British photographer, botanist and writer (1932–2021)

Roger Howard Phillips MBE (16 December 1932 – 15 November 2021) was a British photographer, botanist and writer.

== Biography ==
Phillips was born on 16 December 1932 in Uxbridge to Philip and Elsie Phillips (née Williams). He was educated at St Christopher School in Letchworth and – after national service with the Royal Air Force in Canada – at Chelsea School of Art. He next joined Ogilvy & Mather Advertising, where he rose to be art director. He turned freelance in 1968. He took pictures for the album Goodbye for rock band Cream, on a commission from his friend Alan Aldridge, and later took pictures for the Jack Bruce albums Songs for a Tailor and Out of the Storm.

He is best known for his photographic books of the British flora. The first, Wild Flowers of Britain sold 400,000 copies in the first year. It was about the first plant identification book that had photographs, rather than paintings, of flowers. In total, his 20 books sold over 4.5 million copies worldwide.

He was also an expert on mushrooms and roses who wrote more than forty books on gardening and wild plants and fungi; many with Martyn Rix. He was also an Honorary Garden Manager at Eccleston Square in London, where he lived, and served as chair of the Society for the Protection of London Squares.

He presented two six-part television series, 1994's The Quest for the Rose for BBC Television and, in 1995, The 3,000 Mile Garden for PBS.

In later life he also exhibited his paintings.

In the 2010 New Year Honours, Phillips was appointed a Member of the Order of the British Empire (MBE), for his "services to London Garden Squares".

== Personal life ==
Phillips' 1958 marriage to Pammy Wray ended in divorce; they had a son, and she predeceased him. He subsequently had two daughters with his second wife Nicky Foy, whom he married in 2003.
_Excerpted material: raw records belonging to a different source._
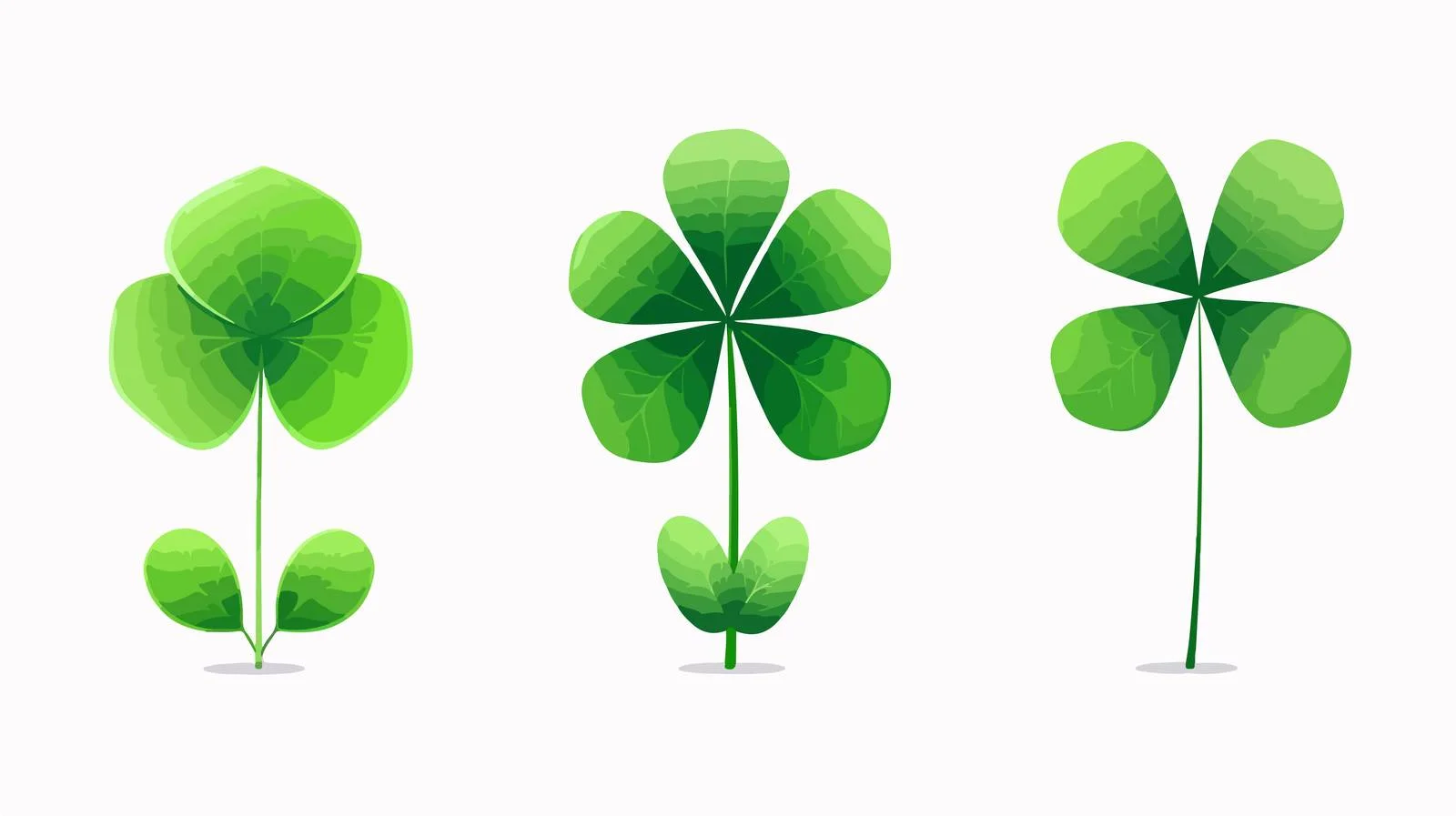 Green Clover Vector Design — free download from Dotvec
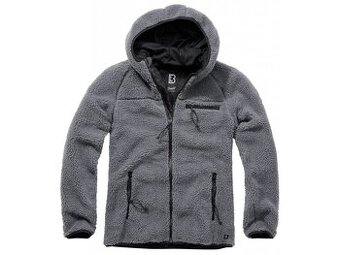 BRANDIT Teddyfleece Worker Jacket Antracit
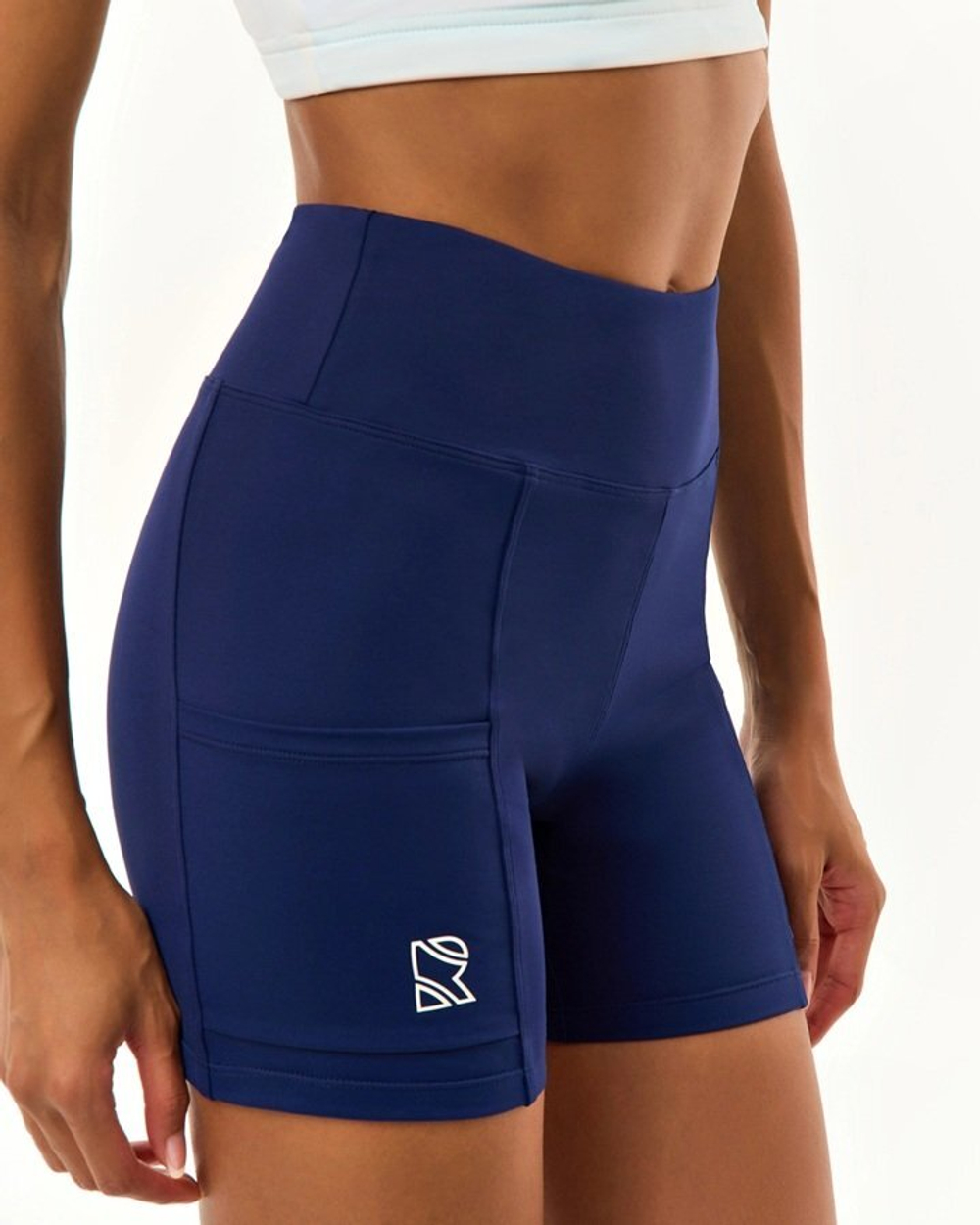 ОДЕЖДА ДЛЯ ТЕННИСА Женская, Велосипедки RAQUETA NAVY .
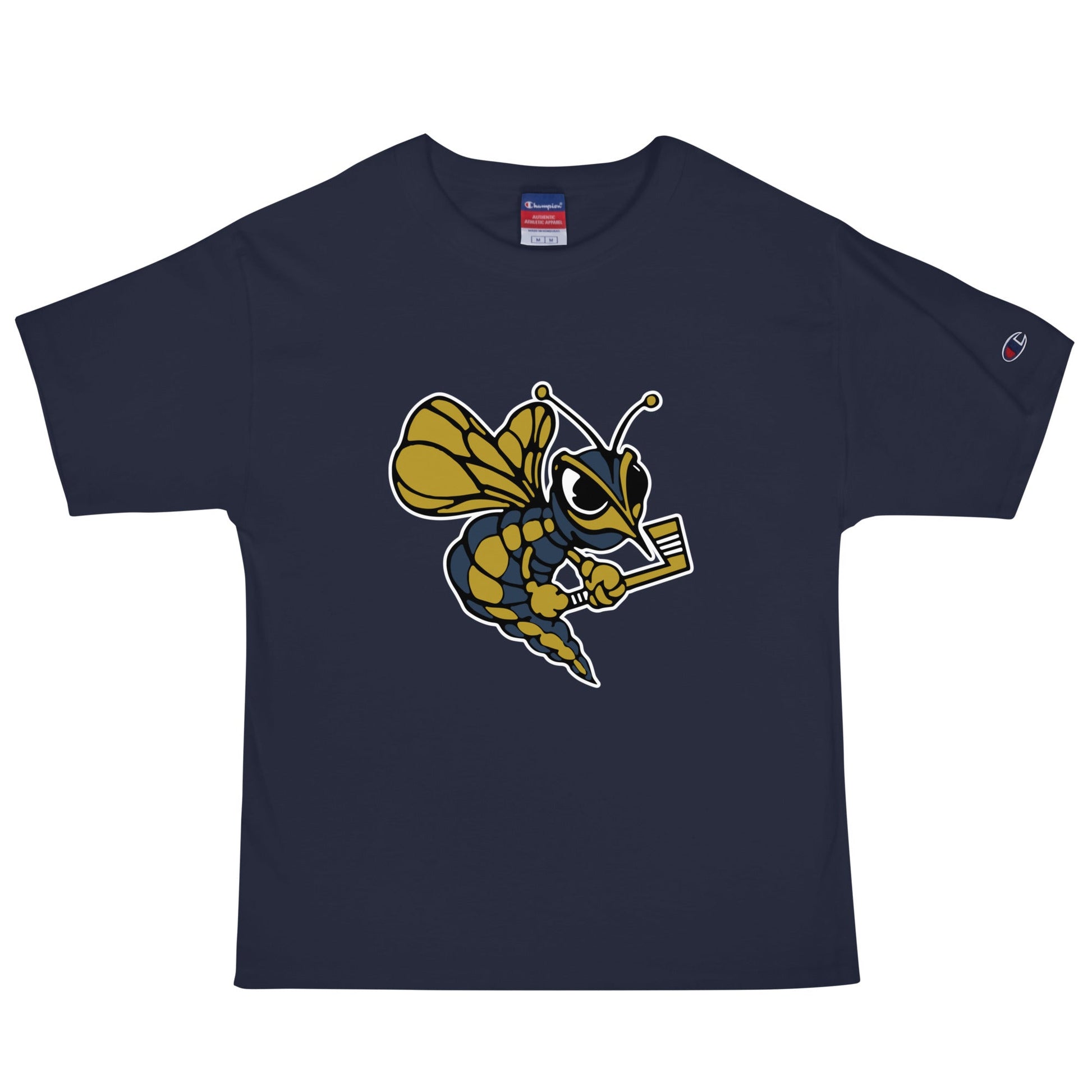 Signature | Champion T-Shirt | HORNETS | Mascot Logo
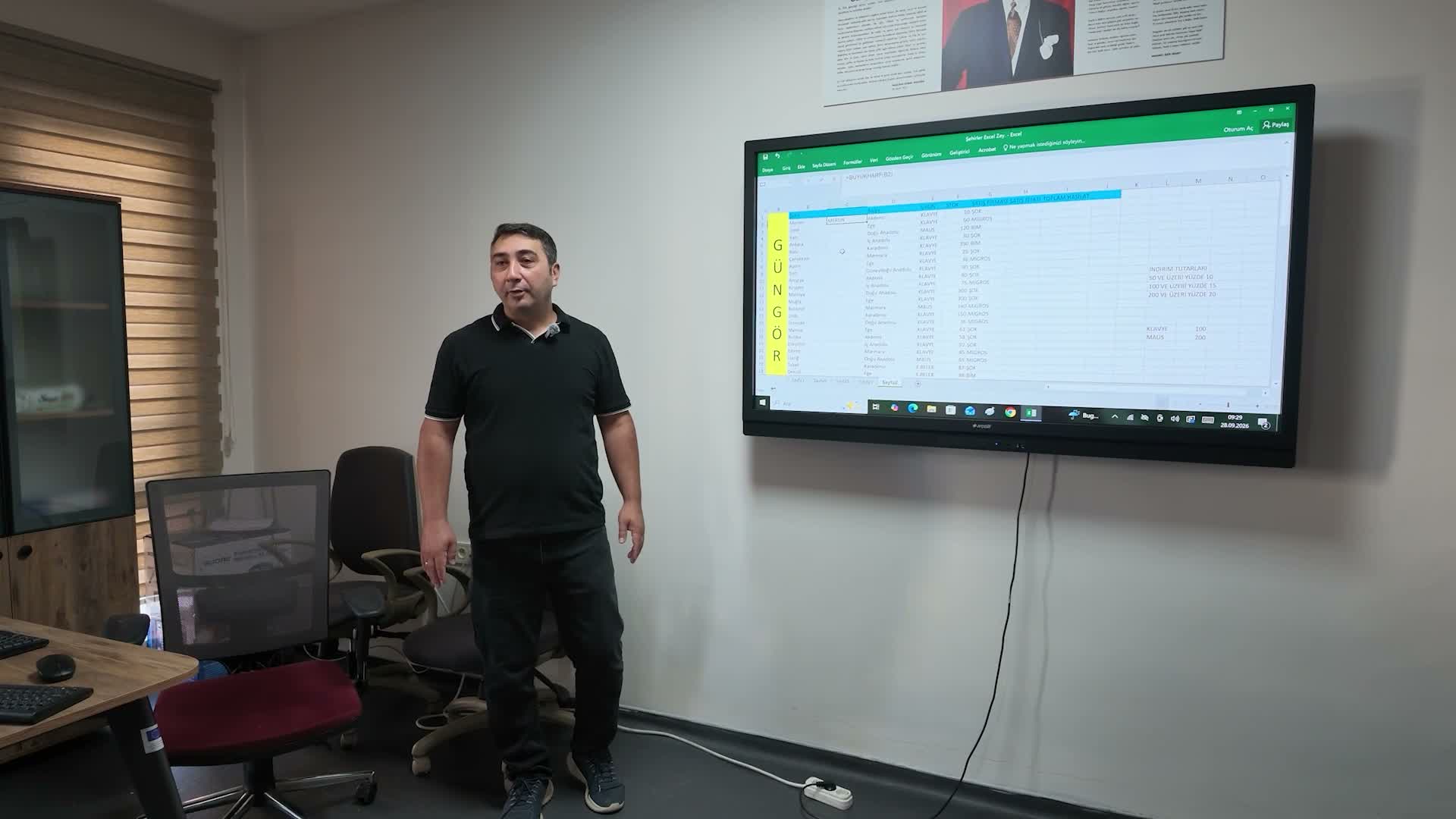 Mersin Büyükşehir Belediyesi’nden istihdama dijital destek: "Bilgisayar İşletmenliği" kursu sürüyor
He died on 15 November 2021, at the age of 88.

==Selected publications==
- Phillips, Roger, and Jacqui Hurst. 1983. Wild food: [a unique photographic guide to finding, cooking and eating wild plants, mushrooms and seaweed]. London: Pan Books.
- Phillips, Roger, Derek Reid, Ronald Rayner, and Lyndsay Shearer. 1981. Mushrooms and other fungi of Great Britain and Europe. London: Pan Books.